◆ **DATASET ENTRIES**:
+-------+

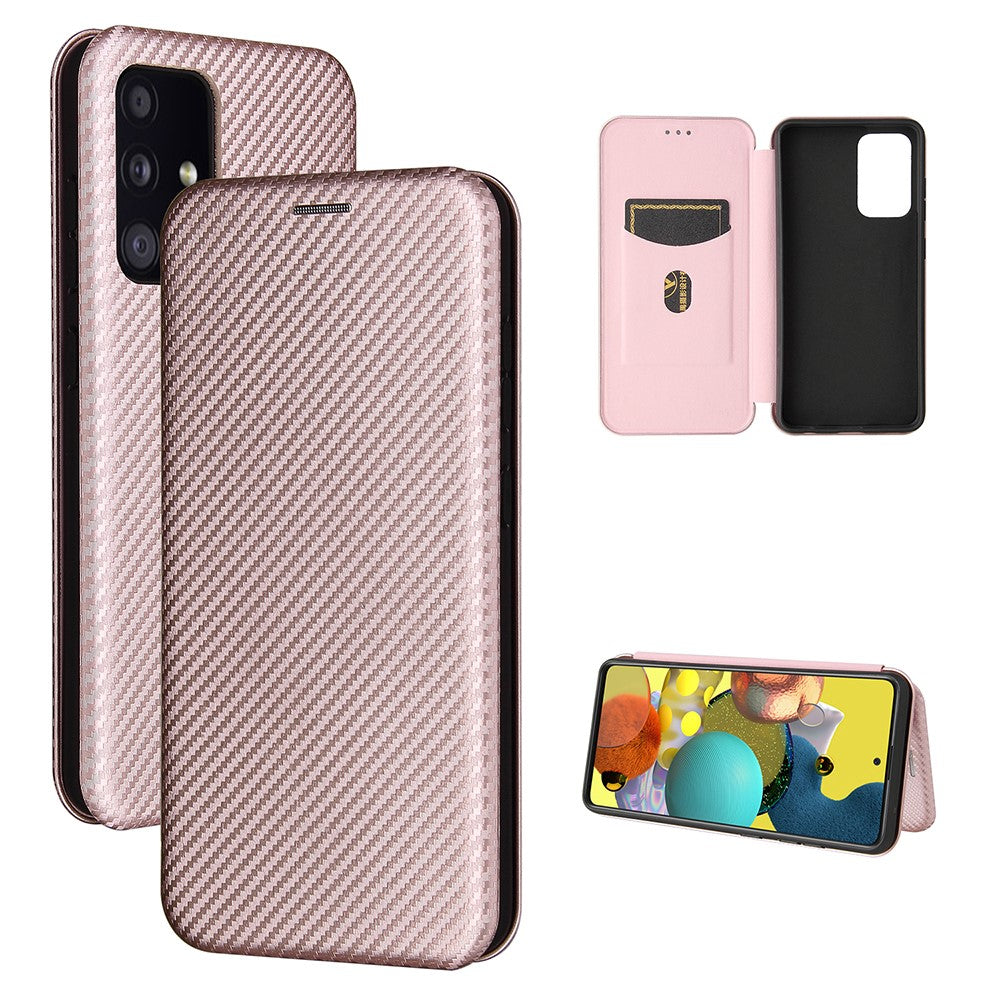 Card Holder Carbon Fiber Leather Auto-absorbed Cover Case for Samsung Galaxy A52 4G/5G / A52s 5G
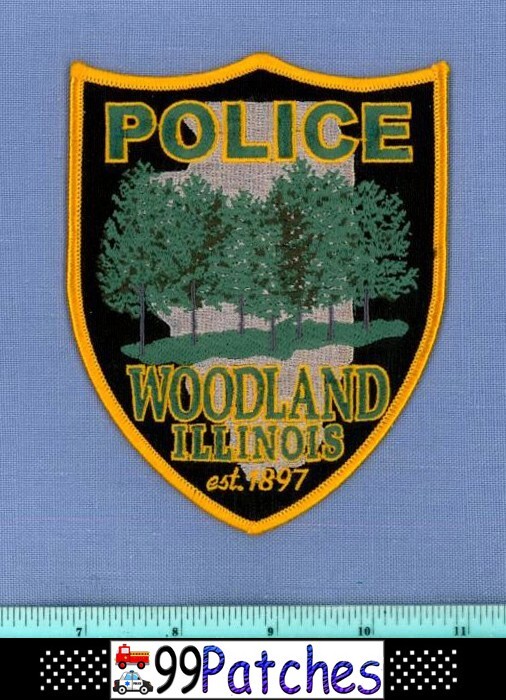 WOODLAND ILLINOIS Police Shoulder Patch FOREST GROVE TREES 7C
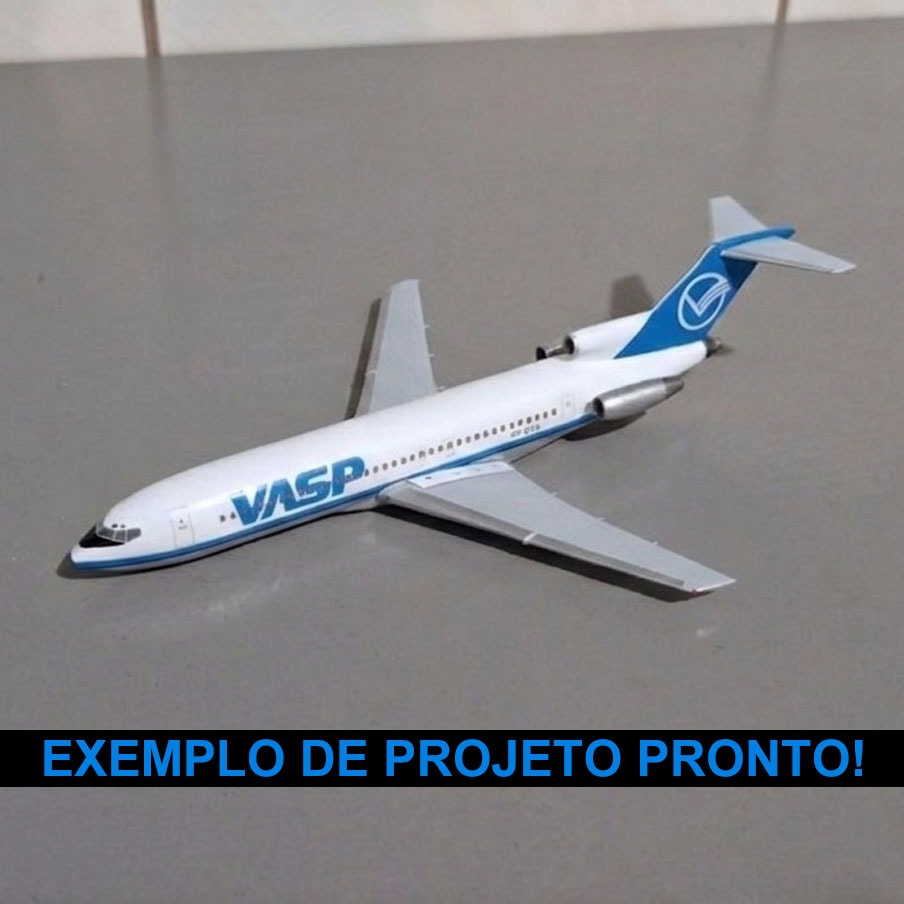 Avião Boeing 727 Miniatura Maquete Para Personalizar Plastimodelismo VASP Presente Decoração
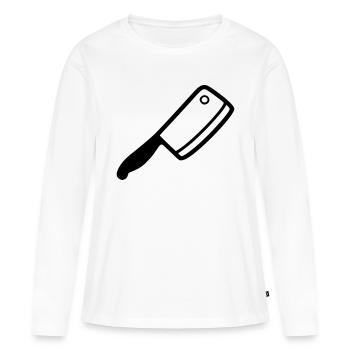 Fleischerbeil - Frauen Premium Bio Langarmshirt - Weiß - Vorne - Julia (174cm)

+-------+

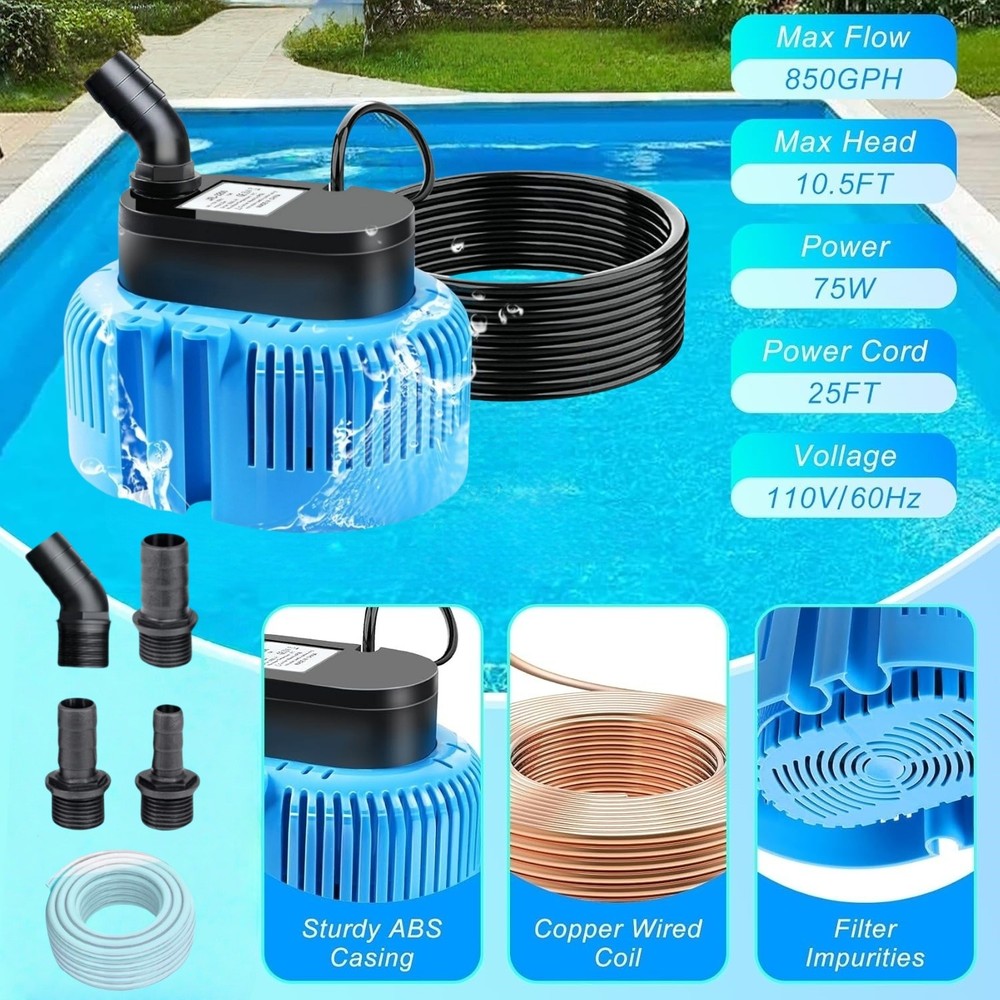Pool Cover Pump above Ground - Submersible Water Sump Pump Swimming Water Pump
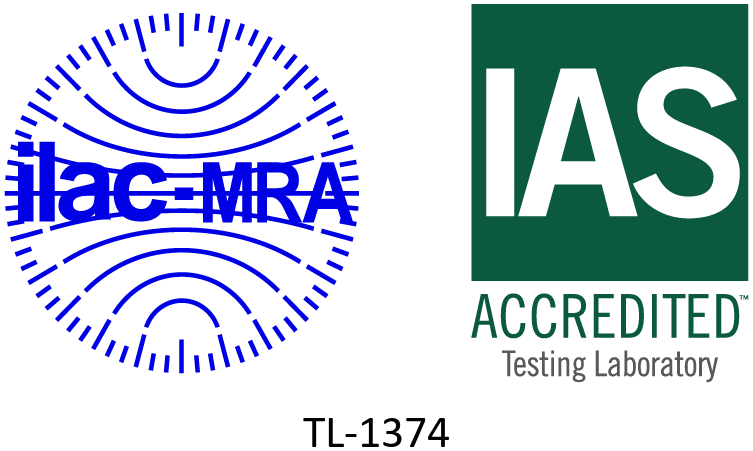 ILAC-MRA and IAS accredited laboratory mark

+-------+

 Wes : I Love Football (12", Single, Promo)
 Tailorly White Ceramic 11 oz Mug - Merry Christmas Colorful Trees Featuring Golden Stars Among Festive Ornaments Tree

+-------+

◆ **TASK DETAILS**: Please write out, exactly as they appear above, only the lines in the stretch from the line with "Wes : I Love" through the line with "Tailorly White Ceramic".

◆ **RESULT**:
 Wes : I Love Football (12", Single, Promo)
 Tailorly White Ceramic 11 oz Mug - Merry Christmas Colorful Trees Featuring Golden Stars Among Festive Ornaments Tree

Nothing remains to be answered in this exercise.